Tuesday, 7 September 2010

September 7 - Threatened Species Day

A sobering reminder of how fragile many species are...

September 7, 1936 was a historic day for Australia's endemic wildlife.

It was a day of no return, not for some ground-breaking discovery or the passing of a famous celebrity, but rather the extinction of a species cursed by hysteria, greed and apathy.

For at least two million years, the thylacine – Tasmanian tiger – had roamed the Australian continent. Humans first came ashore some 46,000 years ago. Our megafauna began to decline, marking the start of our Earth’s 6th mass extinction. Unlike the last one, which finished off the dinosaurs some 65 million years ago, this one is not caused by a wandering asteroid or comet, super-volcano or other natural phenomenon. It is caused by us.

"Australia, we now know, was the first continent to be stripped of its giants … rhino-sized marsupial diprotodons, massive kangaroos, six-meter-long goannas and horned tortoises as long as a Volkswagen Beetle … Thus, in its first forty millennia, the sixth extinction ran a wild and deadly course, exterminating the world’s giants. Australia lost 95 per cent of its land-animal genera weighing more than forty-five kilograms…" Dr Tim Flannery.

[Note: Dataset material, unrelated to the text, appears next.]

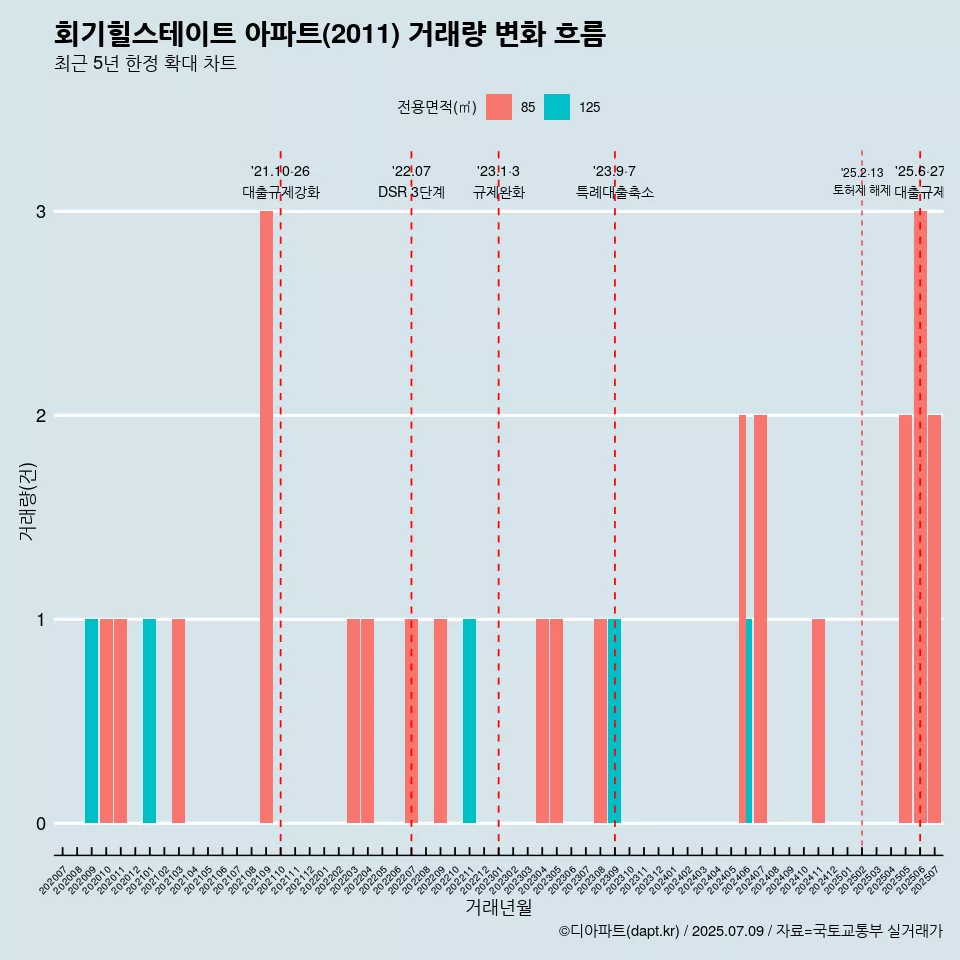 회기힐스테이트 아파트(2011) 거래량 변화 흐름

As the sixth mass extinction progresses, the thylacine disappeared from the continent, about 3000 years ago, leaving only the Tasmanian tiger population still co-existing with the early Aborigines.

Since European colonisation on Tasmania in 1803, the 'tiger' was exhaustively shot or trapped by sheep farmers paranoid of the marsupial predator. Whole-scale extermination was encouraged by private and state bounties, and lucrative rewards from international museums and zoos. Competition with feral dogs and diseases among the remaining, weakened populations, all contributed to its demise.

The last confirmed record of a wild tiger came from a farmer who killed the animal in 1930.

Six years later, the thylacine was finally granted legal protection. This came far too late. In the same year - on September 7, 1936 - the last surviving Tasmanian tiger on Earth died in Hobart’s Beaumaris Zoo after 12 years of captivity.

The thylacine was gone merely 131 years after the first European encountered it. In 1996, Australia declared September 7 as National Threatened Species Day, in commemoration of this tragic loss.